Members of IADON have contended that they did express interest in getting involved in marijuana after the ballot measure passed, but their inquiries were largely disregarded by tax department before they were blindsided this spring with regulations that declared too few of them were interested.
The court battle
Liquor distributors say they want to be involved to provide a layer of independence in the supply chain, similar to the liquor industry’s Prohibition-era three-tier system where ownership in multiple tiers is banned. Otherwise, marijuana companies could be fully vertically integrated — meaning entities with the same owners could be involved in cultivation, production, delivery and retail sales.
Brezny counters that there’s already a layer of independence — marijuana testing labs cannot be owned by marijuana businesses involved in other layers of the supply chain — and that vertical integration worked just fine in the medical marijuana world.
IADON fought to preserve its exclusive spot in the supply chain and prevailed at the district court, where a judge ordered an injunction that prohibits non-liquor licensees from getting a distribution license for the time being. He cited vagueness in regulations on how the state would make a determination that the pool of liquor distributors is insufficient. The matter is being appealed to the Nevada Supreme Court.
Meanwhile, the tax agency drafted emergency regulations to address the judge’s concern about vagueness and got them approved by the tax commission. As grounds for emergency status, the department cited reports that dispensaries were seeing high demand for newly legal weed and running into supply issues.
The regulation created a structure for the taxation department to determine whether there are an insufficient number of liquor distributors to serve the market based on factors such as historical demand for marijuana distribution in the past three months, projections of future demand and the operational needs of dispensaries, including frequent deliveries and quick turnaround time.
Contine read aloud responses to a survey the department conducted last month about marijuana distribution.

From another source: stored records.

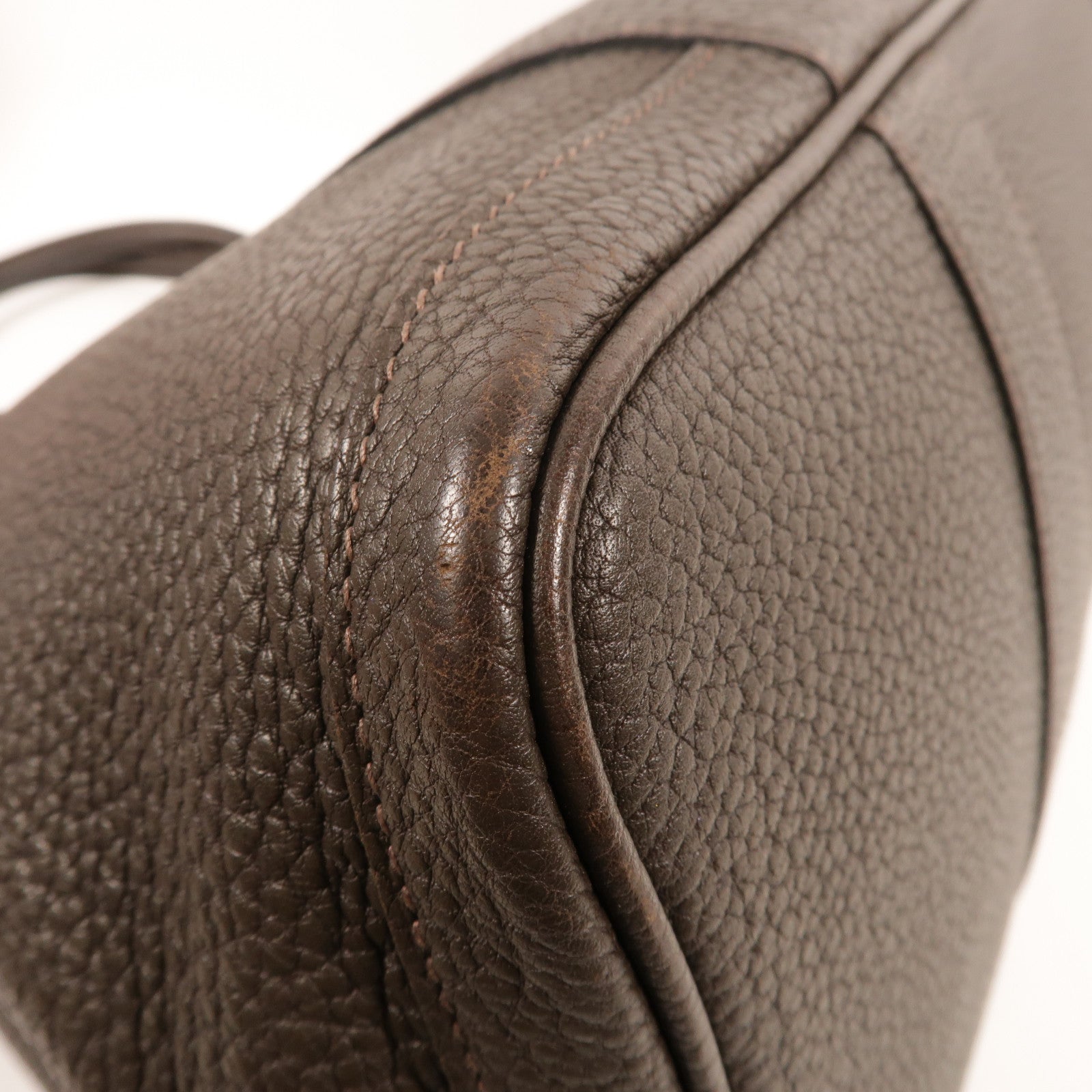 HERMES Negonda皮革Garden Party PM手挽袋Chocolate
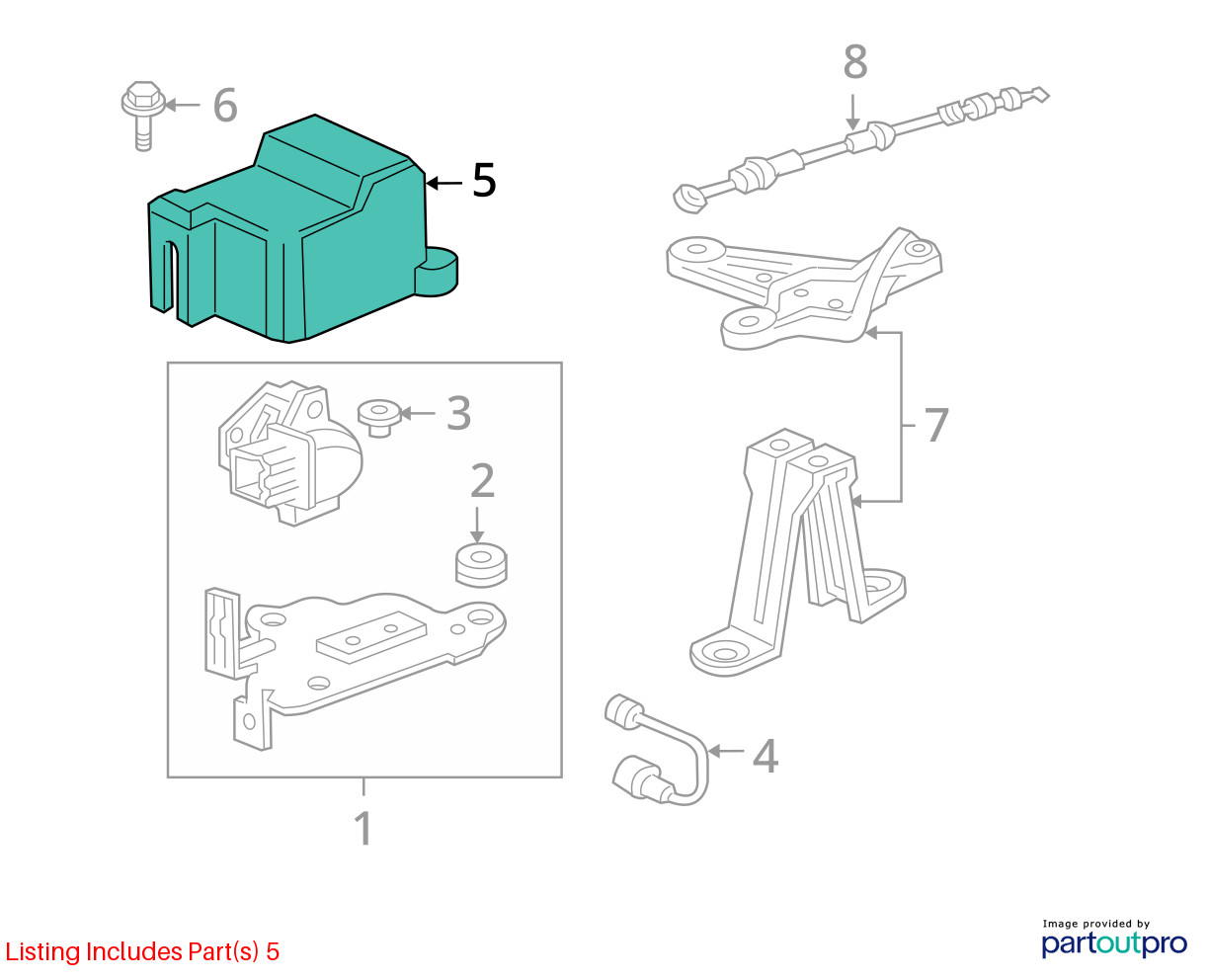 1991-2005 Acura NSX Accelerator Sensor Cover OEM 37996-PR7-J00 New Genuine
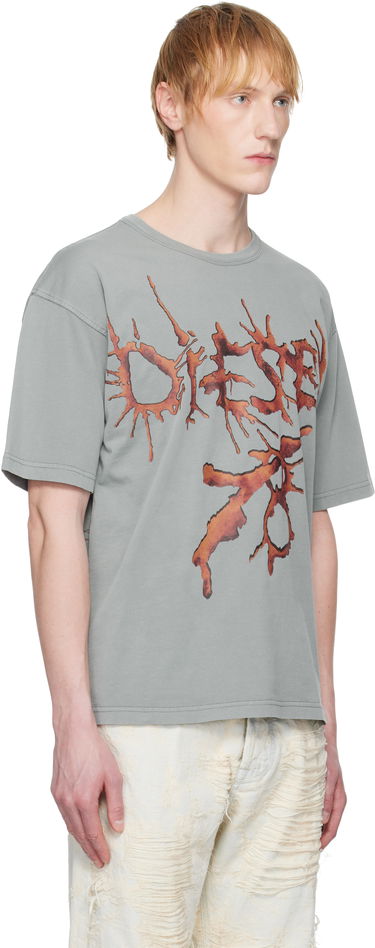 T-shirt Diesel Diesel T-Boxt-R28 Graphic T-Shirt Grå | A17639-0SLBT-9DU, 1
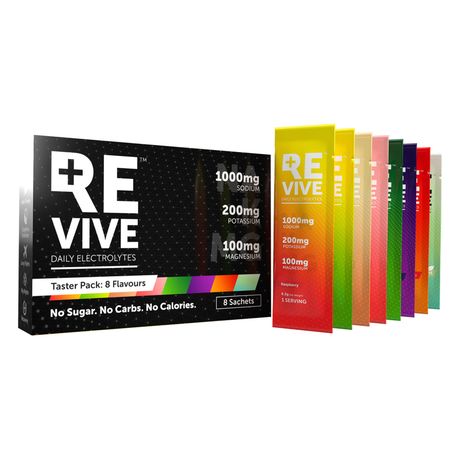 REVIVE 8's - Taster Pack | Sugar-Free Hydration Electrolytes | All Flavours Image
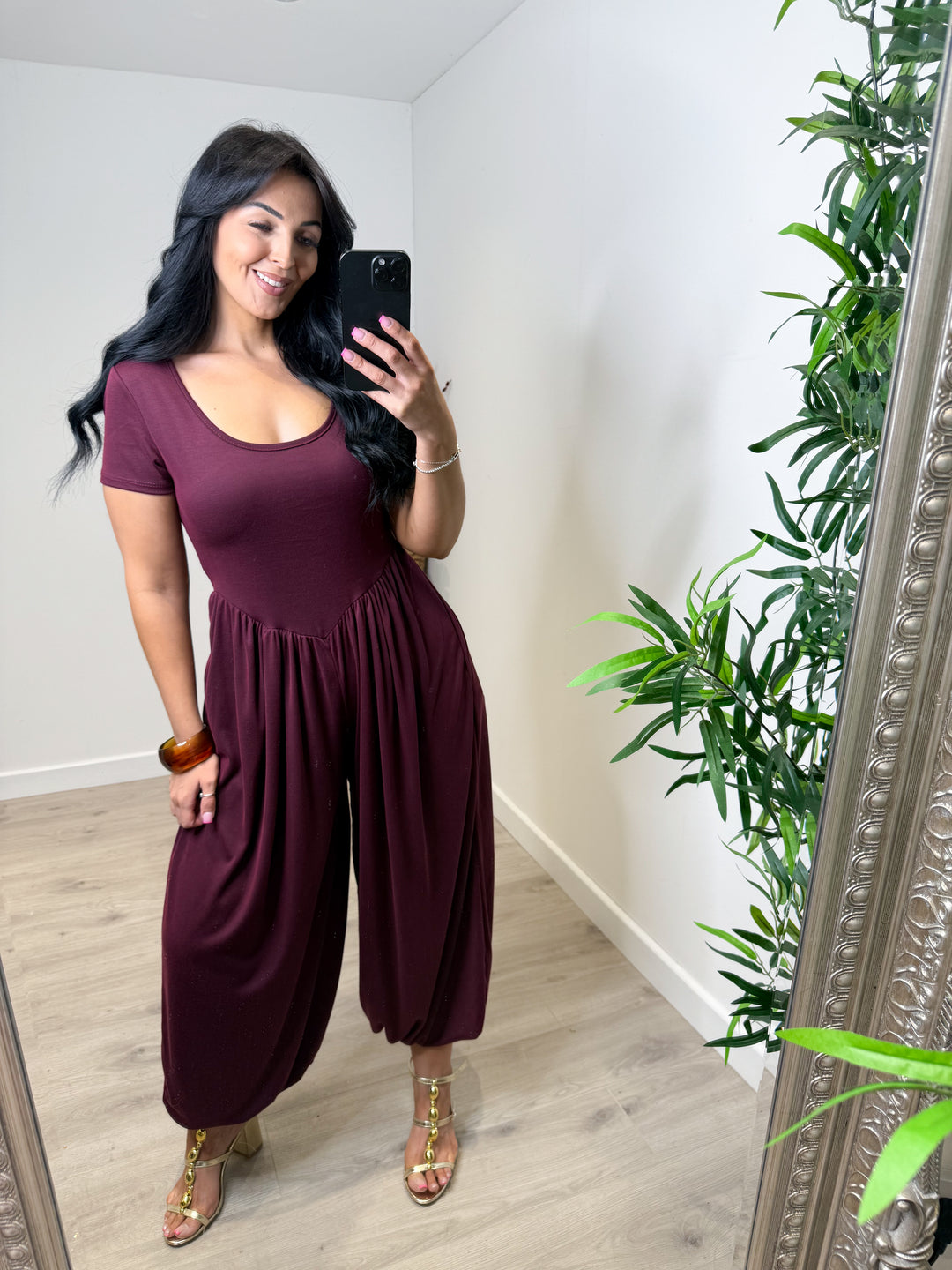 Rio Jumpsuit - Wine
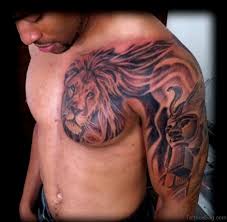 Google Image Result For Http Www Tattoosbag Com Wp Content Uploads 2016 09 Japanese Yellow Lion Tattoo On Chest Tb1066 Jpg Camilo Tatuajes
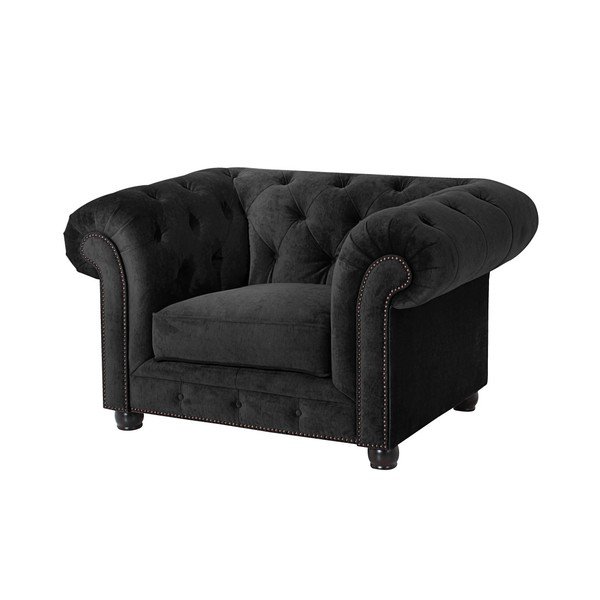 Orleans Velvet fekete fotel - Max Winzer-image-1
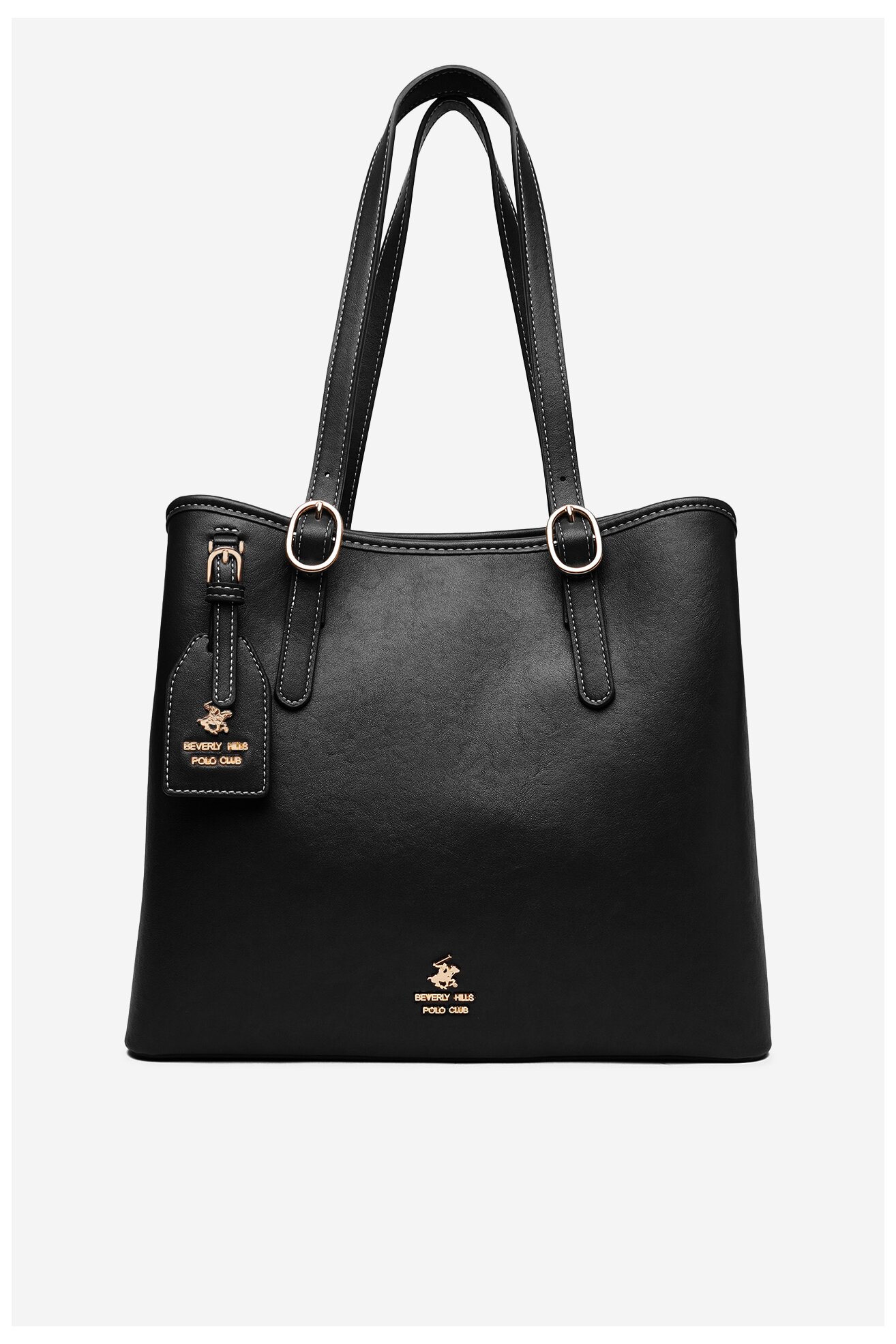 Сумка З Ремінцем Beverly Hills Polo Club EO-BHPC-C-010-09 ЧОРНИЙ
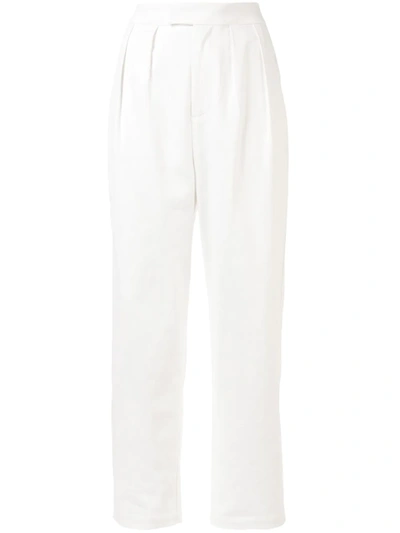 Sir Sabine High-waisted Trousers In White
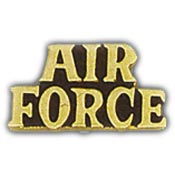 USAF AIR FORCE SCRIPT PIN 1"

Dispensaries complained that some potential distributors wanted to charge 10-17 percent of gross revenue to make deliveries — something that could eat through their profit margins — and that liquor wholesalers wouldn’t know the marijuana industry.
They also said they needed an average of 9-11 deliveries per week and expected orders to be turned around in anywhere between 12 hours to five days. Stores predicted their sales volume would grow by 35 percent over the next six months.
Department economist Kile Porter presented some complex charts showing his predictions that marijuana sales would grow by 5 percent each month, or perhaps more because Nevada has such an active flow of tourists. If the number of distributors and competition didn’t grow, it could push prices up and drive consumers to the black market.
In announcing her decision, Contine said the distributor bottleneck could hurt companies’ bottom line and could suppress tax revenue to the state — including an estimated $64 million over the next two years from a 10 percent marijuana excise tax. What’s more, voters who approved the measure aren’t always able to access the types of products they want.
“As our economist outlined, restricted distribution could lead to higher prices that could push consumers to the black market,” she said. “I have no reason to doubt that these are real, urgent issues for these businesses.”
This story was updated at 8:10 a.m. on Aug. 11, 2017 to reflect that IADON intends to challenge the determination in court.